それから、今回はreno氏の素晴らしいコレオグラフィをUnity上に再現したかったので 先に述べたようにCats blender pluginを使わせていただいて、blender上で物理シミュレーション結果+モーションデータを アニメーションにベイクし、メッシュデータと一塊にしてFBXファイルにエクスポートしました。 ダンスが台無しになるとキョーヘイ氏の才能を実感できる楽曲も十分活かせませんから、ここは注意したかったのです。 カメラも最初は上手く変換がされていないと思いこんで数日かけて自前でカメラワークをああでもないこうでもないとしていたのですが、 ダンスとカメラワークは不可分であると気づいたのは、変換自体は上手く行っていてカメラを格納するフレーム のtransformを適切に設定しないとカメラは正しい挙動をしないという当たり前の事に気づいてからの事でした。 カメラ用VMDローダーを開発・配布して下さった まりも氏に本当に感謝します。

話はプログラミングの事になりますがUnityはDOTSで関数型プログラミングモデルを積極採用していくとのことで、 最近Unityを始めたばかりというのに目の前が真っ暗になっておりました。 関数型プログラミングと聞くとLispあ゛あ゛あ゛あ゛あ゛あ゛あ゛あ゛あ゛あ゛ってなるんですが僕だけでしょうか? 理学部の人間と工学部の人間が割合水と油な側面があるように、理論的に綺麗だけど回りくどい関数型プログラミングと 短く手早く書けるけど汚く脂っこい物になりやすいオブジェクト指向との戦争がここにもまた。 ともかくstaticおじさんにはなりたくないので幾つになっても好奇心を持って生きなければ。 しかし本業に関してはわりとstaticな気がしてきました。いかんなぁ。脂っこいなぁ。

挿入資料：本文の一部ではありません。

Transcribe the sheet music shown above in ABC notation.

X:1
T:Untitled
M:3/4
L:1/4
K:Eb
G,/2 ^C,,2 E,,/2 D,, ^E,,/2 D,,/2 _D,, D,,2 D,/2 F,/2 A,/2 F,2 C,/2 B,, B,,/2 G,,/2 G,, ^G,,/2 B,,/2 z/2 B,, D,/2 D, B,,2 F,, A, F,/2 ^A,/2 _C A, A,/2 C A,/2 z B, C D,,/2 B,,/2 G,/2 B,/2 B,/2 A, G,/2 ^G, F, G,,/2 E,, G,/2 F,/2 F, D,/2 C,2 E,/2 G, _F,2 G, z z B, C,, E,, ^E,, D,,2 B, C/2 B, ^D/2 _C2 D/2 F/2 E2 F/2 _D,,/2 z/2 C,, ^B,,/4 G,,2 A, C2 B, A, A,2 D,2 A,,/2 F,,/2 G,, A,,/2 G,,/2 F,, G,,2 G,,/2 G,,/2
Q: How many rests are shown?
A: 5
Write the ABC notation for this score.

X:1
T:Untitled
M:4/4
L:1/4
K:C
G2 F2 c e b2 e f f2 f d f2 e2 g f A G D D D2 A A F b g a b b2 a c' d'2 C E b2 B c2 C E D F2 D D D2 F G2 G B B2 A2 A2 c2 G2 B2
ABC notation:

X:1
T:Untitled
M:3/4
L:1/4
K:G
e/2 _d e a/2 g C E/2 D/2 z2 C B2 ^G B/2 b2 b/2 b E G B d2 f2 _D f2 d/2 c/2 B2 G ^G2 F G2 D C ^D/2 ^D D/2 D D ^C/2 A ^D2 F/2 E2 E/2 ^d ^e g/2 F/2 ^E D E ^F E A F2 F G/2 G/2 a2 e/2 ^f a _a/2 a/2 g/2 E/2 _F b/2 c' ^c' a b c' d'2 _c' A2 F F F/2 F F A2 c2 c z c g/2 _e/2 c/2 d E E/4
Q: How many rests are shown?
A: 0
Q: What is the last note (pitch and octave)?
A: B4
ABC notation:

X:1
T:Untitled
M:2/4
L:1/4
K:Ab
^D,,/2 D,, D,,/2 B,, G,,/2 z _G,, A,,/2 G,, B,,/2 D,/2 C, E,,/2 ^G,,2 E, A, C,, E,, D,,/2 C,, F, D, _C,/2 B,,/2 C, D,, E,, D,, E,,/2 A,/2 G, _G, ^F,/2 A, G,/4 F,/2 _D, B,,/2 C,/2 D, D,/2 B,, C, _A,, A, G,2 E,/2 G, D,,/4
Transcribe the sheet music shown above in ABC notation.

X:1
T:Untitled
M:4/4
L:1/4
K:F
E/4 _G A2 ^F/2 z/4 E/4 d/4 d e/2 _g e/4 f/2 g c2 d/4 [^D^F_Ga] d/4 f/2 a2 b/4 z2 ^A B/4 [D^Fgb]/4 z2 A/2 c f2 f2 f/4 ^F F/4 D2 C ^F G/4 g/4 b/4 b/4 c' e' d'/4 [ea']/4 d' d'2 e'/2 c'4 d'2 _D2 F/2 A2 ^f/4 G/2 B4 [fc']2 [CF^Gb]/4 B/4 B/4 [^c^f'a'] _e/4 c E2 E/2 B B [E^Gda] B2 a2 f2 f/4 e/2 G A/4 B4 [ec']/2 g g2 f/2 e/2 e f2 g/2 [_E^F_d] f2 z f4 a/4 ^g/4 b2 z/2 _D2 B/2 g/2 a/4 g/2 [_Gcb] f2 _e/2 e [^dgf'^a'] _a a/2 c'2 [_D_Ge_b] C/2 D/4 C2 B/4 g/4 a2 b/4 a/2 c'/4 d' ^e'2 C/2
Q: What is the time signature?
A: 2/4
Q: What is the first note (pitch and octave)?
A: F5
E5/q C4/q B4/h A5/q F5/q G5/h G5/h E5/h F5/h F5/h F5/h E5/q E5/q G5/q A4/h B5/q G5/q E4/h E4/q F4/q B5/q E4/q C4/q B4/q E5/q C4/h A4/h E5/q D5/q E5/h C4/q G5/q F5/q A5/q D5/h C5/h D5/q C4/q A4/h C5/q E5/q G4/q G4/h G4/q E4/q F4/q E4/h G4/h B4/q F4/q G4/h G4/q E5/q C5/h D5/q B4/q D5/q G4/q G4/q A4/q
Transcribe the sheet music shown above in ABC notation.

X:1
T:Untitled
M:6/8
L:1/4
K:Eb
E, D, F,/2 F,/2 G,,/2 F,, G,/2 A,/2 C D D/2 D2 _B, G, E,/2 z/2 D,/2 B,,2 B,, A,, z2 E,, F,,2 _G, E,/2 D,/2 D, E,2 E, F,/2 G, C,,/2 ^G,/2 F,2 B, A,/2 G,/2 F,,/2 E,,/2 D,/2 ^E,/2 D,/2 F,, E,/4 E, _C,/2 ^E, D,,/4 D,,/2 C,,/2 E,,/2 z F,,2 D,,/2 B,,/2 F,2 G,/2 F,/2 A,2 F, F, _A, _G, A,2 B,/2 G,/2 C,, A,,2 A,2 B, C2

今回のコレなんてまさにDOTSを利用するとかなり高速化の見込めるアプリケーションだと思いますが、 HDRPとどうやって混在させたらいいのか手がかりすら無かったので断念しました。 ポストプロセスもC#から制御する方法がわからないし、調べてもPostProcessV2スタックなる HDRP以前の方法ばかり出てきて真似ても上手く動かないという。 進化が早いのは良いのですが、情報が古くなるのもまた早いのなんの Google先生もついてこれない勢いで進化し続けているとか凄い。 なぜかあまり言われていない気がするのですがDOTSってつまり「Unity2周目」ですよね 基本的な部分以外は物理エンジンや簡易的なグラフィック基盤からスタートして 全部DOTSベースに書き換えようという壮大なスケールの計画で、 良い意味でとんでもない時期に始めてしまったとワクワクしています。 こんなに規模の大きなシステムの何もかもがダイナミックに変わっていく様に 自分が巻き込まれて参加させてもらえるなんてなかなか無いことです。 とりあえず調べた範囲ではECSはソフトでハードな物語的にEntityでComponentなSystem ではなくてEntityとComponentとSystemの三つ巴であるという事だけ理解できました。 僕は工学畑どころか徒弟制度でありKKD(勘と経験と努力)でありの信奉者ですからあれこれ考えるよりも自分で手を動かして色々いじりたいんですが、 Unityのマイナーバージョンが1つ上がるだけで使えない関数やらクラスやらが増えていて先達の足跡すら踏めないという。

しかしこちらの山村先生によるサンプルコードを交えた解説動画を見るとなんだかやれそうな気がしてくるから不思議。 Systemが状態を一切持たず「処理する部分」として動き、「データ・状態」とは完全に切り分けられるというのは オブジェクト指向と真逆の発想ですが、並列化プログラミングとは相性が良いし、 なによりシステムのバグを発見しやすくなりそうです。なにしろシステム自体は状態を持ってないので レアな状況でしか起こらない見つかりづらいバグというものがぐっと減るはずです。 そして特に「GUIエディタが無いのですべてをプロシージャルに生成する必要がある」というくだりは 「俺の時代がきたか」と錯覚してしまいました。数秒後に「GameObjectからコンバートしましょう」となってガッカリしましたが。 ともあれ、手続き型プログラミング~構造化プログラミングの時代では犬が歩き回るアプリケーションを作ろうとすれば 「犬を歩かせる」というアプローチでアプリケーションを作っていたのがオブジェクト指向では「歩くことの出来る犬を作る」と変わりました。 DOTSで採用している関数型プログラミングでは「犬用ウォーキングマシンを作って犬を次々に乗せる」という感じでしょうか。 なんだかクララ・シューマンの書いたマズルカのような理解の仕方かもしれません(良くわからない例えだ) とりあえずHDRP・VFX Graph(一番重要)との共存方法やUnityAnimation,UnityPhysicsが固まるのが楽しみです。